Eva overschreed de grens die God om haar heen had getrokken. Zij “viel in overtreding” betekent namelijk letterlijk dat zij ‘een grens overschreed’. Man en vrouw worden in hun getuigenis voor God bewaard als zij ieder blijven binnen de grens die God voor hen heeft vastgesteld.

1Tm 2:15. Het gedeelte dat aan de vrouw is gericht, eindigt met een bijzondere blijk van Gods genade die alleen door de gelovige vrouw kan worden beleefd. Na de zondeval, die door haar schuld is gebeurd, wordt door God aan het ter wereld brengen van kinderen smart verbonden (Gn 3:16). In die smart is bewaring mogelijk. Voorwaarde is dat “zij blijven in geloof, liefde en heiliging, met ingetogenheid”. Dit ziet op de sfeer waarin ze is binnengegaan toen ze tot geloof kwam. Haar ‘ingetogenheid’ betekent dat zij gezond blijft denken over deze sfeer en zich niet opnieuw laat verleiden tot het innemen van een plaats die haar niet past.

Hiermee is niet alles gezegd wat er over dit laatste vers te zeggen is. Er is wel opgemerkt dat dit vers een van de moeilijkst te verklaren verzen van het Nieuwe Testament is. Dit vers roept vragen op, waarop niet zomaar een antwoord is te geven. Denk maar aan Godvrezende vrouwen die niet bij de bevalling bewaard zijn gebleven, maar gestorven zijn. En wat te denken van vrouwen die geen kinderen kunnen krijgen of die ongetrouwd blijven.

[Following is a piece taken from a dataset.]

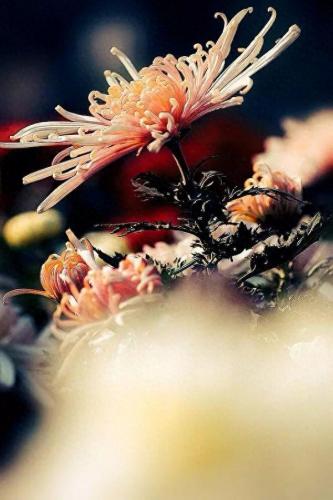十大名花名字排行榜(十大名花颜色排名)插图21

Ik denk dan ook dat Paulus hier een algemene aanwijzing geeft met het oog op de bijzondere plaats die de vrouw door God in de schepping is gegeven. Als een tegenhanger van het voorgaande wil Paulus de vrouw duidelijk maken, waarom God haar heeft geschapen. Zij vindt de zin van haar leven in de vervulling van Gods bestemming voor haar en dat is haar rol als vrouw en moeder. Daarin vindt zij haar grootste voldoening en niet in het overnemen van de rol van de man.

Het is zeker waar dat God ook voor de kinderloze vrouw (vgl. Js 54:1) en voor de ongetrouwde vrouw (1Ko 7:34) een plan heeft, maar daarover gaat het hier niet.

Lees nog eens 1 Timotheüs 2:9-15.

Verwerking: Waarin ligt de kracht van het getuigenis van de vrouw?